New insights on outlook of global Islamic finance to be unveiled

MANAMA — The convener of the 22-year World Islamic Banking Conference (WIBC) — Middle East Global Advisors — is set to reveal cutting-edge insights on the outlook of the global Islamic financial industry in its inaugural “Finance Forward Islamic Finance Outlook Report 2016” this December.
The “Finance Forward Islamic Finance Outlook Report 2016” will be launched on Dec. 1 during the World Islamic Banking Conference in Bahrain. The three-day conference will cover various areas related to Islamic banking in the current global financial environment.

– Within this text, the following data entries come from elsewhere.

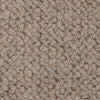 Load image into Gallery viewer, Poraka - 68oz 100% NZ Wool
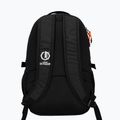 Rucsac Octagon Legion Unique Brand black 3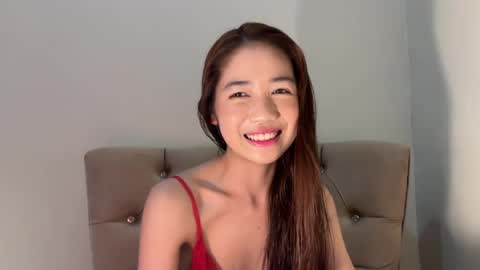 angelic_slutt online show from 07-16-26, 08:20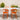 On & On Plastic Stacking Chair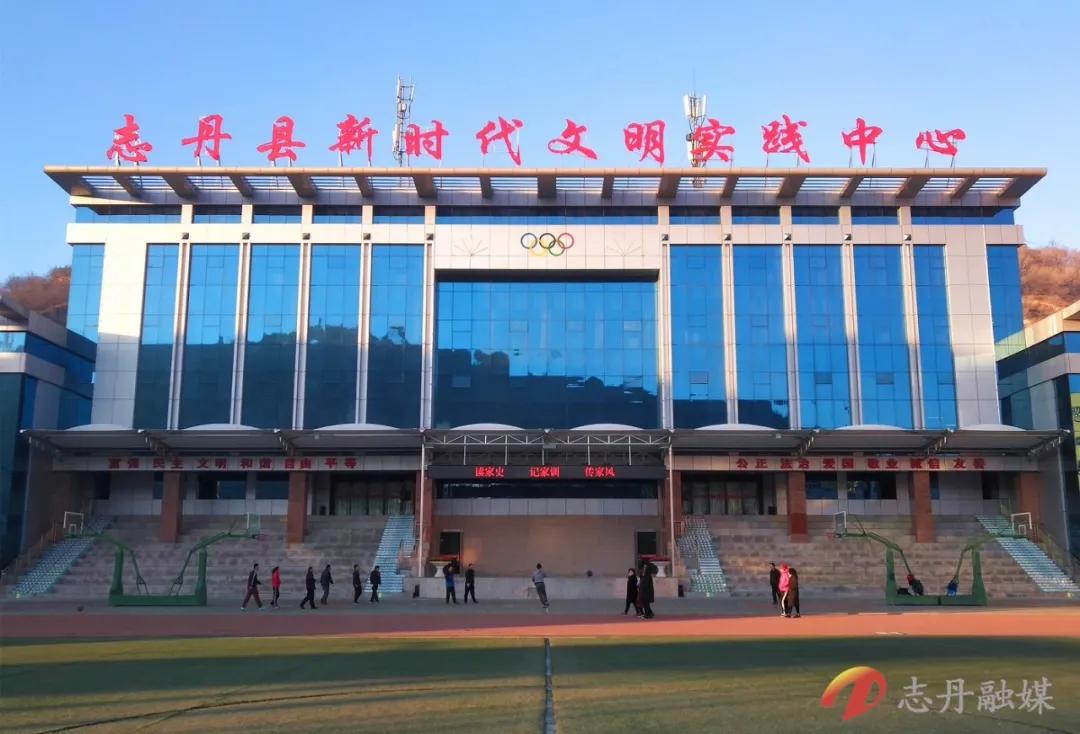 延安点赞最多视频,点赞延安奋进新时代圣地展新颜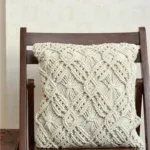 Cushion Cover 2 pieces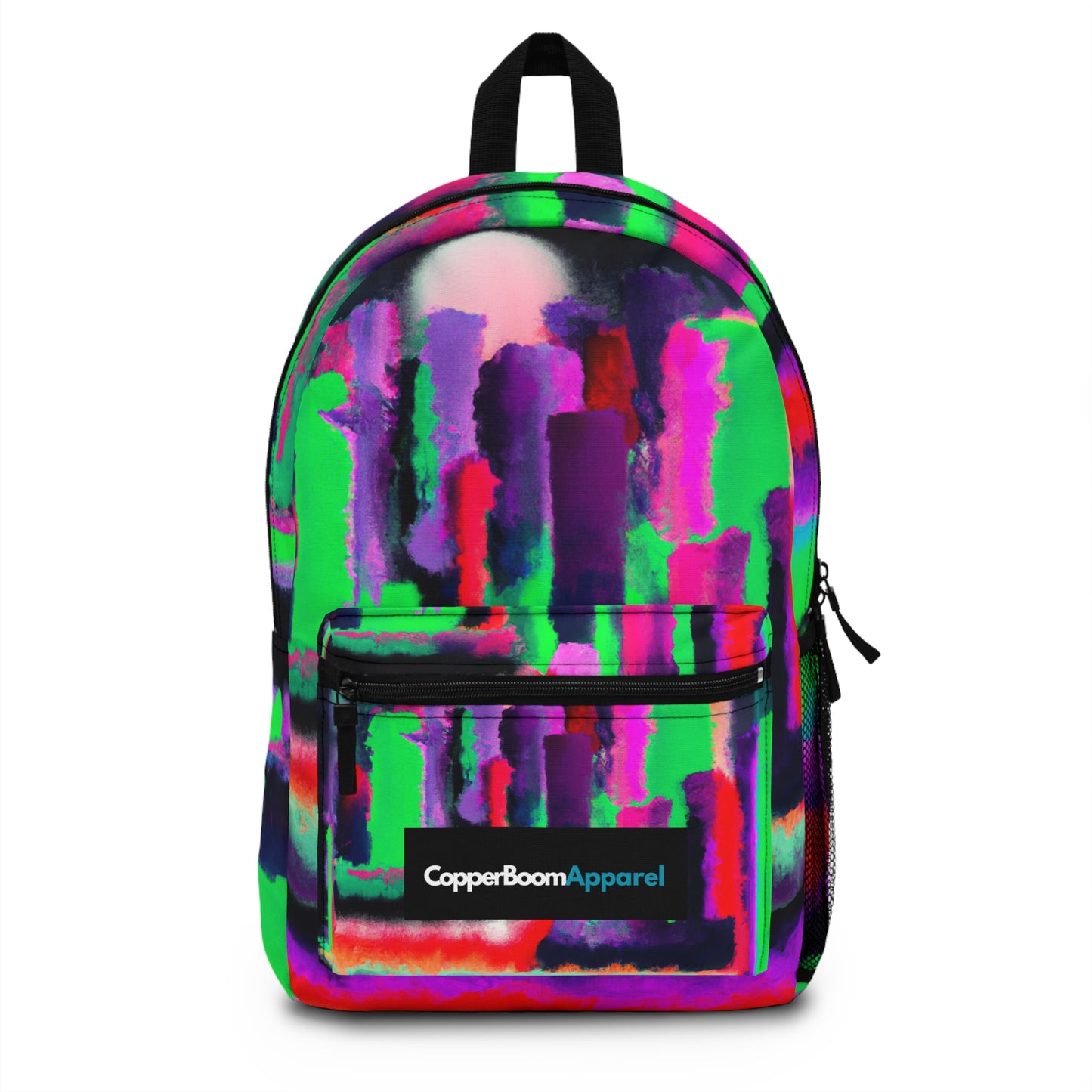 Glam Slam 202371 - Backpack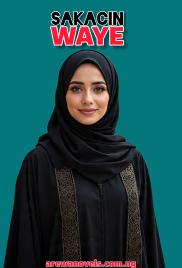 SAKACIN WAYE Document Complete by Takori kabara .txt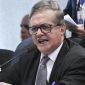Bolsonaro demite ministro em meio à crise na educação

Speaking ahead of the presentation of the report — to be launched at WIBC itself — Dr. Sayd Farook, vice chairman and CEO of Middle East Global Advisors, shared: “The Outlook Report is expected to serve as a compass for Islamic Finance leaders who are undertaking key decisions that will fundamentally shape their business strategies for 2016.”
The uniqueness of the report, he continued, is that it combines meaningful insights from Islamic finance leaders — gathered from an extensive survey of practitioners’ sentiment — with robust analysis of the performance of Islamic financial institutions.
According to the report, three major global macro developments of 2015 will shape the outlook of the industry: commodity prices (particularly oil), development in global interest rate policy, and a slowdown of the Chinese economy. Low commodity prices do not bode well for either the Gulf Cooperation Council or Southeast Asian economies, home to most of the world’s Islamic banks.
However, a positive outcome for Islamic banks in a ‘new normal’ of low oil prices is that they enter with low rates of non-performing loans, high liquidity (in part due to the limited liquidity management options), high capital levels and simple balance sheets with mostly Tier 1 capital overall.
Thus, while the outlook for Islamic banks is likely to be muted going forward (and some may even face some fall-off in profitability), many leading Islamic banks have built up their resilience in the face of tightening liquidity, slowing loan growth and worsening credit risks.

Survey results of the Outlook Report highlighted two key trends: the development of ethical business models and that of Digital Banking.
Speaking about the importance of these trends, Blake Goud, chief research officer at Middle East Global Advisors added, “Shariah compliance is necessary but not sufficient for consumers demanding ethical financial services. This implies that corporate social responsibility is not enough — consumers want their financial institutions to integrate an ethical approach into their core business mode.